The forward security posts and screams “Limpio,” the Spanish word for clean. The commandos push forward when an instructor from U.S. Marine Corps Forces, Special Operations Command grabs the last man in the stack, Wilber, an assaulter with the SEFA-CT. The Marine spins him around and points sternly. Wilber instantly knows what he has done wrong. Caught in the moment, he forgot to relieve the rearward security. He rushes back and taps the commando standing guard on the shoulder, signaling him to move forward.

The stack pushes on...

This is a snapshot moment, taken from a day in the life of a SEFA-CT commando being trained by MARSOC Marines.
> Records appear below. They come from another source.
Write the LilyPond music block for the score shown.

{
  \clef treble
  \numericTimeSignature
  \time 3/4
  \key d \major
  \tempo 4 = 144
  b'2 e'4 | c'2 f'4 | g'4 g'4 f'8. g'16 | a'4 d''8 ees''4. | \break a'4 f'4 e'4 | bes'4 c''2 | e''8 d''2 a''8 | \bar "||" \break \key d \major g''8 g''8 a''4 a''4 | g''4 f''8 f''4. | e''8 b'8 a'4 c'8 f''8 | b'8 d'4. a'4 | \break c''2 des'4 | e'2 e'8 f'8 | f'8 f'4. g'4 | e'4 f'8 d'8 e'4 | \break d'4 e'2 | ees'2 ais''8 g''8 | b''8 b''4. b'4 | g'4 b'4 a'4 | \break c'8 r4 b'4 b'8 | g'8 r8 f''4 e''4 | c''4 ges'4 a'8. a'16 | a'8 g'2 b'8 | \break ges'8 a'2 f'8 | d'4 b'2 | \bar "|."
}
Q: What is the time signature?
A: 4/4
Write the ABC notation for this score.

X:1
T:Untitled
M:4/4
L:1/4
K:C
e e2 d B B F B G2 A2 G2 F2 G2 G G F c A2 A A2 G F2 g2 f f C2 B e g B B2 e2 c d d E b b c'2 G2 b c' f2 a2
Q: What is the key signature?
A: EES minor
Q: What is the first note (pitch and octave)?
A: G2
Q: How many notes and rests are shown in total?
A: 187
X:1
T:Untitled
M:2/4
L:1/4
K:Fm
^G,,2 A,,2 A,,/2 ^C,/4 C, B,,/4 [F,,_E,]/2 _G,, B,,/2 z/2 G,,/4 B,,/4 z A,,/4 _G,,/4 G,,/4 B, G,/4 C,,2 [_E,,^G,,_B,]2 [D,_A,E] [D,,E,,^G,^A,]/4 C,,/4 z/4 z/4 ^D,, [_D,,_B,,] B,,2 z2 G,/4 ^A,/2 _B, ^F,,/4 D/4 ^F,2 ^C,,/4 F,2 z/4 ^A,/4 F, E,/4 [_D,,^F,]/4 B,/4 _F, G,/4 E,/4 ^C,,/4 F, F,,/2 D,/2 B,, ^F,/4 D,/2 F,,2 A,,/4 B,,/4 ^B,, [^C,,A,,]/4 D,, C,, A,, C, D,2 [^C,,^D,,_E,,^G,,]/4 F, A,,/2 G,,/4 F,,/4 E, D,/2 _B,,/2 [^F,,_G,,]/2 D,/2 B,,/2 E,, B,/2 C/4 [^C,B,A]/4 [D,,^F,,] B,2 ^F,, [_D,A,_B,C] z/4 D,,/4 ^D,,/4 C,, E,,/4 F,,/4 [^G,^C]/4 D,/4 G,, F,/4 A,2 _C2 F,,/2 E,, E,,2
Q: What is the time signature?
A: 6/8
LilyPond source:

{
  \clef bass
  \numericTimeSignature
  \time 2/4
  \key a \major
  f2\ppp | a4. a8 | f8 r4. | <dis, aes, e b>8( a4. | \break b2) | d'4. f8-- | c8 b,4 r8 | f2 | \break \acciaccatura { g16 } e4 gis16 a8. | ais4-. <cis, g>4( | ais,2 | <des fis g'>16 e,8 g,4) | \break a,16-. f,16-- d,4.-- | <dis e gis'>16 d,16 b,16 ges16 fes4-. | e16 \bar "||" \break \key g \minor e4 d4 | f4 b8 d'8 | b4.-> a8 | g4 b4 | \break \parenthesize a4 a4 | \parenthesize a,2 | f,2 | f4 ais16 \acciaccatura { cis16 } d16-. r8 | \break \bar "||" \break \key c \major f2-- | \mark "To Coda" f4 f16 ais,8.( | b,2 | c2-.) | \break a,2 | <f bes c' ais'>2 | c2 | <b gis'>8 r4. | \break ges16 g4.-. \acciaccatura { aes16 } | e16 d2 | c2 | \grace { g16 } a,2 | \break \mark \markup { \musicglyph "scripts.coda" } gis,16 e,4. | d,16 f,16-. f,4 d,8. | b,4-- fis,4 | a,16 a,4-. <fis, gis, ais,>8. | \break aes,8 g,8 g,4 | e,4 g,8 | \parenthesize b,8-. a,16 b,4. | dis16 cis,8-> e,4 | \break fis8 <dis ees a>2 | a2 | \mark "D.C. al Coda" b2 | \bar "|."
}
The training took place during Joint Combined Exchange Training (JCET), as part of U.S. Southern Command (USSOUTHCOM), Special Operations Command-South’s Exercise FUSED RESPONSE.

USSOUTHCOM exercise FUSED RESPONSE involves forces from the U.S. and the Dominican Republic. The exercise serves to improve the interoperability between the militaries and the combat abilities of the SEFA-CT.

MARSOC Teams have the mission of teaching advanced combat skills to foreign military units. Units like the SEFA-CT, a Special Forces unit comprised of the best troops from each branch of their armed forces, called “commandos.”

The members of this MARSOC team have spent months deployed here, training the ain various techniques, tactics, and procedures intended to enhance their overall abilities and prepare them for actual operations.

Since the SEFA-CT primarily deals in Special Weapons and Tactics (SWAT), the Marines focused teaching the commandos advanced Close Quarters Battle (CQB) skills. Together, they rehearsed operational planning, and conducted CQB operations during numerous training scenarios, according to the team captain.

“I trained a lot before they came, but I have never been trained as hard or professionally as I am now,” said Ricardo, a SEFA-CT assaulter, through a translator.

The SEFA-CT SWAT type missions include counterterrorism and counternarcotics. According to Ricardo, portions of the training mirrored this fact.

The numerous days of training in the JCET culminated March 15 at Ciudad Del Niño where the commandos assaulted the objective while the Marines served in an advisory role.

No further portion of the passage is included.